Solda TIG do Zero: Segurança, EPIs e organização do posto de solda

Capítulo 2

Tempo estimado de leitura: 9 minutos

+ Exercício

Segurança na solda TIG: o que muda na prática

Na solda TIG, o arco elétrico é extremamente intenso e concentrado. Isso traz vantagens de controle e acabamento, mas aumenta a exigência de disciplina com proteção ocular/pele, controle de fumos, organização do posto e inspeções antes de energizar o equipamento. Segurança aqui não é “extra”: é parte do ajuste do processo, como se fosse mais um parâmetro.

Principais riscos e como controlar

1) Radiação UV/IR (queimaduras e “flash” nos olhos)

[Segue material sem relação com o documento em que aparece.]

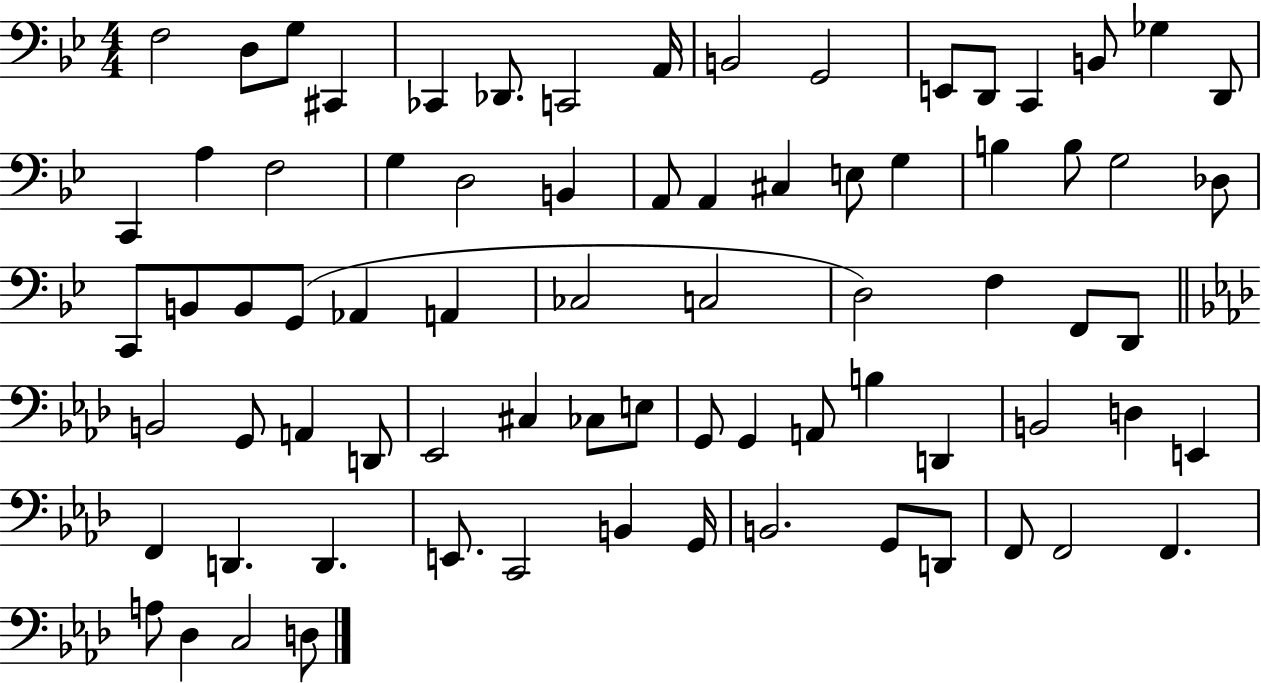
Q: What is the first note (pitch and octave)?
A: F3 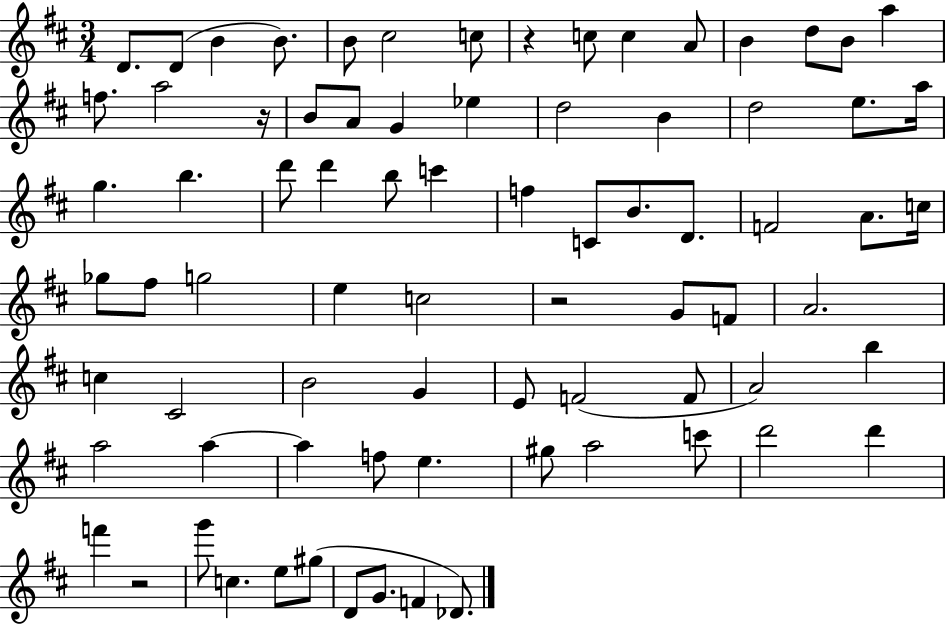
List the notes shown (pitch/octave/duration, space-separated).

D4/e. D4/e B4/q B4/e. B4/e C#5/h C5/e R/q C5/e C5/q A4/e B4/q D5/e B4/e A5/q F5/e. A5/h R/s B4/e A4/e G4/q Eb5/q D5/h B4/q D5/h E5/e. A5/s G5/q. B5/q. D6/e D6/q B5/e C6/q F5/q C4/e B4/e. D4/e. F4/h A4/e. C5/s Gb5/e F#5/e G5/h E5/q C5/h R/h G4/e F4/e A4/h. C5/q C#4/h B4/h G4/q E4/e F4/h F4/e A4/h B5/q A5/h A5/q A5/q F5/e E5/q. G#5/e A5/h C6/e D6/h D6/q F6/q R/h G6/e C5/q. E5/e G#5/e D4/e G4/e. F4/q Db4/e. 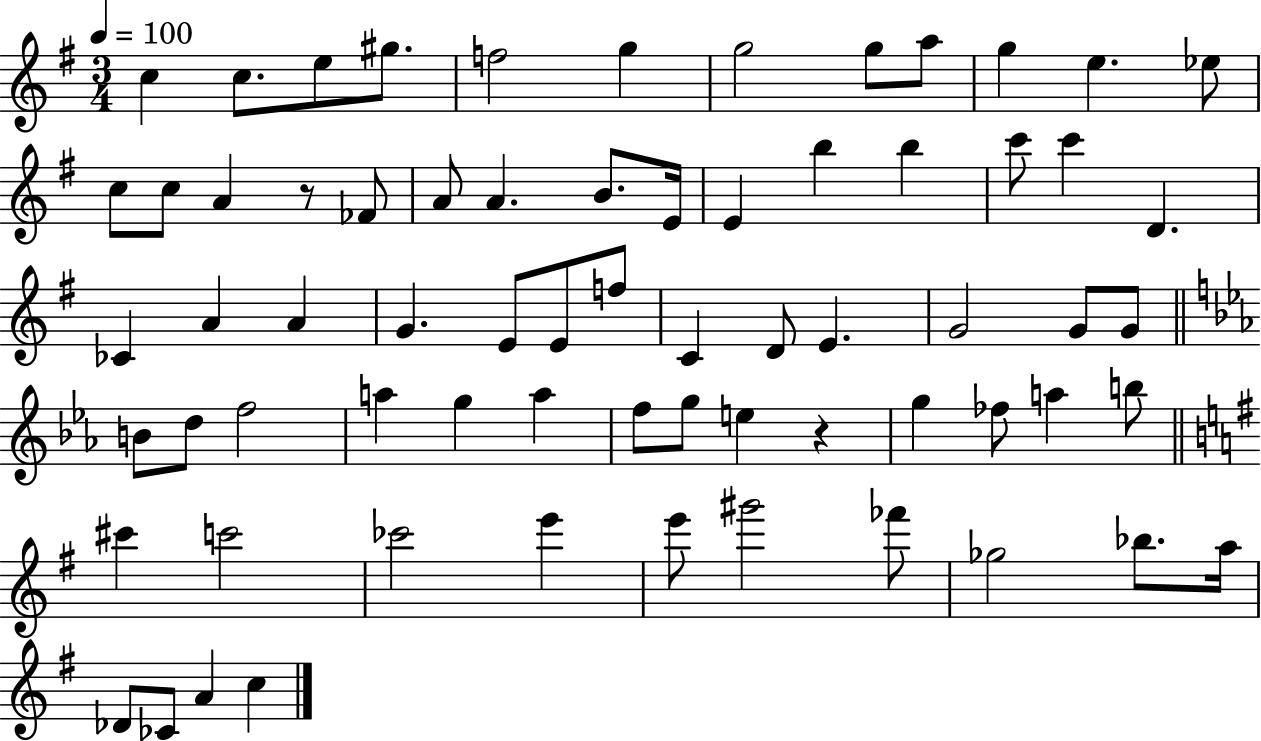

Risco: o arco TIG emite radiação ultravioleta e infravermelha capaz de causar queimadura de pele e inflamação ocular (sensação de areia nos olhos horas depois). Reflexos em superfícies claras também contam.

Medidas de controle:

  • Usar máscara de solda com tonalidade adequada e em bom estado (lente externa limpa e sem trincas).
  • Cobrir pele exposta: mangas/jaqueta, luvas e gola fechada.
  • Isolar a área com cortina de solda para proteger terceiros.
  • Evitar soldar com pessoas ao lado “olhando de canto”.

2) Fumos metálicos e gases (irritação, intoxicação, febre dos fumos)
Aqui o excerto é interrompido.